Birgitta Jonsdottir, députée islandaise, considère que « la plupart des gens ne veulent pas être responsables. Ils veulent que le système les prenne en charge. Ils ont abandonné leur pouvoir de co-création de la société. C’est l’une des raisons de la catastrophe actuelle. ». Theodorakis ne dit pas autre chose. Les Grecques et les Grecs s’en sont remis trop longtemps à leurs politiciens, leurs experts financiers, leurs industriels, qui leur ont notamment vendu de dispendieux Jeux Olympiques (neuf milliards d’euros officiels, sans doute bien davantage, peut-être trois fois plus), des projets que se sont empressés de financer les banques allemandes (et autres, qui renâclent aujourd’hui à secourir la Grèce). La France et l’Allemagne ont poussé la Grèce à se sur-armer, notamment en empruntant auprès des banques françaises et allemandes. La dette grecque « nous » a alimenté. Devons-nous exiger que les Grecs se serrent encore davantage la ceinture pour « nous » rembourser ? Ou ne faut-il pas plutôt exiger de la Grèce qu’elle rapatrie les fonds que ses industriels subventionnés placent à Chypre de manière défiscalisée ? Dans ce cas, peut-être conviendrait-il de donner l’exemple, d’abord, chez soi.
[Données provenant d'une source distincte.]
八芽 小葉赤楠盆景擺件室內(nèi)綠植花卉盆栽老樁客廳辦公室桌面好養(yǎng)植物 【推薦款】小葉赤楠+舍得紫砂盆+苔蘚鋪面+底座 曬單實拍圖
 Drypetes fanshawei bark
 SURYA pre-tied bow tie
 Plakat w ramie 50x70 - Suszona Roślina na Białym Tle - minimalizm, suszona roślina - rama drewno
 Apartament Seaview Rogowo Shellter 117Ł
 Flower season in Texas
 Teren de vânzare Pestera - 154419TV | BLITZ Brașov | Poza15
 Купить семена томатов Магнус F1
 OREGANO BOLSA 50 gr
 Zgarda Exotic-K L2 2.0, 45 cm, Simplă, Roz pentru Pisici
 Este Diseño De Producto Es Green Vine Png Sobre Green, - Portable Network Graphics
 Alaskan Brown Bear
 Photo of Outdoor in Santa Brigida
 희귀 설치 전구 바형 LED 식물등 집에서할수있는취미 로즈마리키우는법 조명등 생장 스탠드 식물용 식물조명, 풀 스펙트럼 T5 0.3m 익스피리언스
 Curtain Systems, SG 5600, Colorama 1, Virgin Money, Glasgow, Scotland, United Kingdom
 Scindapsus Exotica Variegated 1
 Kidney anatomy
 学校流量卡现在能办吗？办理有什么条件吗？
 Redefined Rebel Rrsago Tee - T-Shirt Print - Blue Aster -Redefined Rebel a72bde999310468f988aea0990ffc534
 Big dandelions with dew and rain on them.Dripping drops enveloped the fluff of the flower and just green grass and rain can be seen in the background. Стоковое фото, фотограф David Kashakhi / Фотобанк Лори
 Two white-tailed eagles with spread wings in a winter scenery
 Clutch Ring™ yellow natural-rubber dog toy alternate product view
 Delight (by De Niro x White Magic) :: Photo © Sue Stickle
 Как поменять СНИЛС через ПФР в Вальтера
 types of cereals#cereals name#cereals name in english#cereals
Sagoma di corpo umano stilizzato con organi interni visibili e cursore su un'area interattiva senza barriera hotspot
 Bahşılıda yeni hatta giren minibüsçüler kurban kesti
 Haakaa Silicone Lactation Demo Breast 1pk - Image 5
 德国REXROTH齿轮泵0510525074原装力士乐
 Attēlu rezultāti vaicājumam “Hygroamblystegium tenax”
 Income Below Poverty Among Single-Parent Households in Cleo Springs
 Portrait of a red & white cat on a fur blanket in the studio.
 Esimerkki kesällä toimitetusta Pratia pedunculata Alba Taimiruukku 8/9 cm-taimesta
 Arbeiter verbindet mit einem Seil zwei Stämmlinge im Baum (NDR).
Donner l’exemple en se retirant de la construction européenne plutôt que de se mobiliser pour la réformer conduit à s’en remettre à celles et ceux qui seraient censés nous prendre en charge sans que nous ayons à intervenir.  Intervenir, c’est d’abord s’informer, et mieux déterminer les causes des injustices.

« À l’origine de Finance Watch, il y a la conviction que la société se doit de réglementer l’activité financière car l’autorégulation du secteur financier a non seulement été un échec patent mais surtout un échec donc le coût économique et social est à la fois considérable et de longue durée. ». Finance Watch est une ONG (une de plus, d’accord, mais peut-être une de mieux) réunissant des députés européens (de divers bords), des experts, et des associations (Anticor, Attac, Amis de la Terre, diverses organisations caritatives européennes). C’est un peu le « Greenpeace de la finance », selon l’eurodéputé Pascal Canfin. L’un des premiers combats visera à ce que les banques disposent de fonds propres (au besoin en rognant sur les bonus de leurs dirigeants) leur évitant de se tourner vers les États pour se faire refinancer. Les fonds propres, c’est un instrument pour responsabiliser les dirigeants des banques. Tous les groupes de pression financiers à Bruxelles veulent qu’ils soient limités à sept pour cent des actifs, Finance Watch propose un taux proche du cinquième des actifs. Il s’agit de se faire entendre du Conseil européen. Et d’inverser la réflexion qui veut que la libre concurrence est la seule manière de réguler les marchés. Aussi, bien sûr, d’obtenir plus de transparence (ce fut le combat de Denis Robert) sur les montants, les filières de transaction des capitaux. Finance Watch vient de lancer ce jour son site. Comprendre l’injustice, et lire Theodorakis, c’est bien, s’interroger sur ce qui serait vraiment juste (pas forcément uniquement ce que propose Finance Watch), c’est mieux. Se rappeler qu’il ne suffit pas de déposer un bulletin dans des urnes électorales pour interpeller celles et ceux qui se veulent nos représentants, c’est encore mieux.